Mixed race children who grew up in the care sysyem in IrelandAdded on June 15, 2017 My name is Philomena Mullen, I am a mixed-race woman of Irish/African parentage who grew up in industrial schools in Galway and Dublin in the 1960s and 70s.
I have been fascinated all my life by the treatment of us as mixed race children who grew up in the care system in Ireland and how we coped and survived, or in many cases didn't survive, the racism that we experienced and the denial of us by the nuns and the system, in general, as genuine Irish citizens.
I am writing to you today because I have finally found myself in a position both emotionally and financially to be able to undertake PhD research in Trinity College Dublin to look at this issue.
I hope to focus on how we as mixed race women, in particular, managed to carve an identity out of the negative environment in which we found ourselves incarcerated. In order to find some sense of ourselves as being either black or Irish, both or neither. I am examining the role of the institution in the formation of our identity. I want to look at the impact of the treatment we received because of the perceived ambiguity in our heritage.

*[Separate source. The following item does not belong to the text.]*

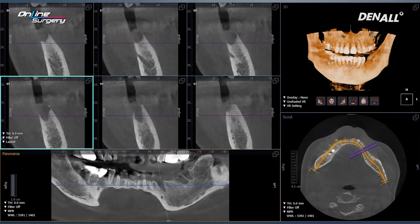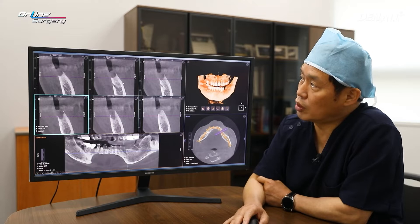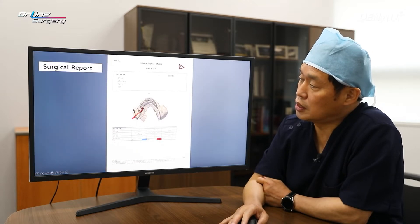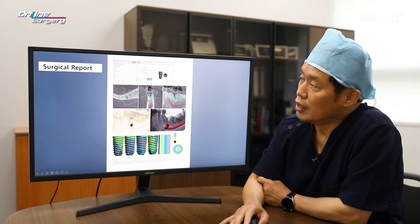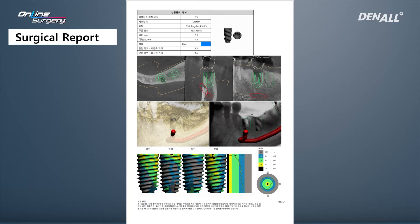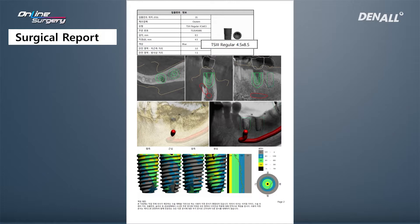As you can see, in number five the buccal plate is resorbed significantly. The mental foramen is here. I contacted the one guide team to design the one guide. In number five, the mental foramen is coming up like this. A 4.5mm diameter by 8.5mm length implant was planned.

I would love to talk to you about this and hope that you would be interested in putting your experience on record as I believe that the reports that have been undertaken to date have lumped all children in the system into a monolithic group as if all of the experiences were the same. Many mixed-race children feel that they were singled out for especially harsh treatment.
I hope that my research will show the specific form of racist abuse experienced by this group of children and how it has had a life long impact on the life and choicesw of those who experienced it at first hand in areas such as mental health, behaviour, religion, partners, children, etc.